Jim: Because this morning I could have bought Sun Microsystems for $72, and it closed around $90. Or I could have bought Oracle at $65 and seen it jump to $75 before the day was out. Same with Dell Computer: Could have snapped it up at $48 and now it’s worth $54 and change. Getting my drift here?
Mike: I’m getting it, but the fact is those buying opportunities at the bottom were a little like those cow towns in Kansas or Nebraska, you know, the ones where you don’t blink as you drive through or you’ll miss ‘em. Tuesday’s market turned on a dime, and by the end of the day a lot of major stocks were back where they were at sunrise.
Jim: And what’s weird is that there was no particular news today, other than the residue of the Microsoft antitrust decision Monday, which sparked a sell-off of the tech stocks that day, too.

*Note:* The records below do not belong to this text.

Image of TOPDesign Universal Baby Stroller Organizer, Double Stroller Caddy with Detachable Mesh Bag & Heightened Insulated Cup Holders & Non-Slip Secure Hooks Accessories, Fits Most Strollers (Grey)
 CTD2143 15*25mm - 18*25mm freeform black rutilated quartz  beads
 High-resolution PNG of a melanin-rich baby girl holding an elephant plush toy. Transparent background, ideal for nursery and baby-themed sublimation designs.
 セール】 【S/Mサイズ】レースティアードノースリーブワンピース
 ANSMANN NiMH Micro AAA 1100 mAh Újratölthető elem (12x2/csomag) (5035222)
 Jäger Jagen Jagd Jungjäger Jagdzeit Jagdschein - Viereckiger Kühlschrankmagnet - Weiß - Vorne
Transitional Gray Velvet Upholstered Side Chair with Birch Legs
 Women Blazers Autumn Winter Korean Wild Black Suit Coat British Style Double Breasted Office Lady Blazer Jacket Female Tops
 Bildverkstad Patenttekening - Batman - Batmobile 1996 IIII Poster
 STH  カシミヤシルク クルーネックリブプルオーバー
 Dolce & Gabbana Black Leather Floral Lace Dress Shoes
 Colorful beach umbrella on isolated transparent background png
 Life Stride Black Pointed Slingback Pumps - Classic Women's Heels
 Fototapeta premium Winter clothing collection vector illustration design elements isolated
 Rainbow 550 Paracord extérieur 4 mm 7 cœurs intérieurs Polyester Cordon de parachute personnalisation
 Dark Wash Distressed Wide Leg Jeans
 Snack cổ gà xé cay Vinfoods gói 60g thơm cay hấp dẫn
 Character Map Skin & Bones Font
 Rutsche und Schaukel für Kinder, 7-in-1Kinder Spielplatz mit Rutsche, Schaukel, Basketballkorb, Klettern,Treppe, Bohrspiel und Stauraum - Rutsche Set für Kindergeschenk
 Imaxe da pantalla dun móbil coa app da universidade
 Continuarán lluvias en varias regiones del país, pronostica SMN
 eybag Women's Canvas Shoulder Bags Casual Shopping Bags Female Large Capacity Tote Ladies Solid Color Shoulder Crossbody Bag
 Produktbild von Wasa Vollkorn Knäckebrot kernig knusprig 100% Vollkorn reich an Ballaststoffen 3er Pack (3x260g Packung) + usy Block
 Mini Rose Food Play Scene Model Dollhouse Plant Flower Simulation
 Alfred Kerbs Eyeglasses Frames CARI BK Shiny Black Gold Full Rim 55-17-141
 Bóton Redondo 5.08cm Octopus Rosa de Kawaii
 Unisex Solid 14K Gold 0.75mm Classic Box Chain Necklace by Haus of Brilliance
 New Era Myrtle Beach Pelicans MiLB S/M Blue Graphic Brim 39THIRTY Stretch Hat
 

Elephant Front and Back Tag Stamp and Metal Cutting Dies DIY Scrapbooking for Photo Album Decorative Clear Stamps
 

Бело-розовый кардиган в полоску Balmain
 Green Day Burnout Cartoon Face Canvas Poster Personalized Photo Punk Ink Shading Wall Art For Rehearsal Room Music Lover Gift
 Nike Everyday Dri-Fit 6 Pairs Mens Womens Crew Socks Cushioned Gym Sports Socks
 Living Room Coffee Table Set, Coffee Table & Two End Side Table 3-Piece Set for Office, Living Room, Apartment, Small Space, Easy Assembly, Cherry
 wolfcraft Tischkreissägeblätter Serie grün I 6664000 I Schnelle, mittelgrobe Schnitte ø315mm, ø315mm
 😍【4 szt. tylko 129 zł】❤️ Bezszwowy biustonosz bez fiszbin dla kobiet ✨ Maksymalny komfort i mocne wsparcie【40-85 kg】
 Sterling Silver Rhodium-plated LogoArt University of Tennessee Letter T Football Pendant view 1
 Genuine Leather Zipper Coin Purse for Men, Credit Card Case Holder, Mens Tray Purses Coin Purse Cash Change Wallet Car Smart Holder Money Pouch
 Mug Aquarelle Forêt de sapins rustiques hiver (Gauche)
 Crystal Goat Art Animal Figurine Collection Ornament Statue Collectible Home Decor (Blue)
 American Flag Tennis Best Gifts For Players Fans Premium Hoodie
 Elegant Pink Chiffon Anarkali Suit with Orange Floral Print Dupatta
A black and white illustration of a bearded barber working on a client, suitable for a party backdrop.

Mike: But that was just a trigger for something more fundamental, which we’ll explain.
Jim: Exactly. Now, no doubt a lot of investors are downright confused about what’s going on. I mean, they’re driving to work, listening to the radio and they hear that Nasdaq has plunged 400 points. Then they get home and find it closed with little change. And now all the pundits, and pundit wannabes, are guessing about what will happen next.
Mike: A silly exercise. But I feel confident about one thing: We’re in for three or four months of volatile swings. Probably not on this scale, but investors have to come to grips with the fact that many of these stocks--even after this latest carnage--are still trading at outrageous valuations.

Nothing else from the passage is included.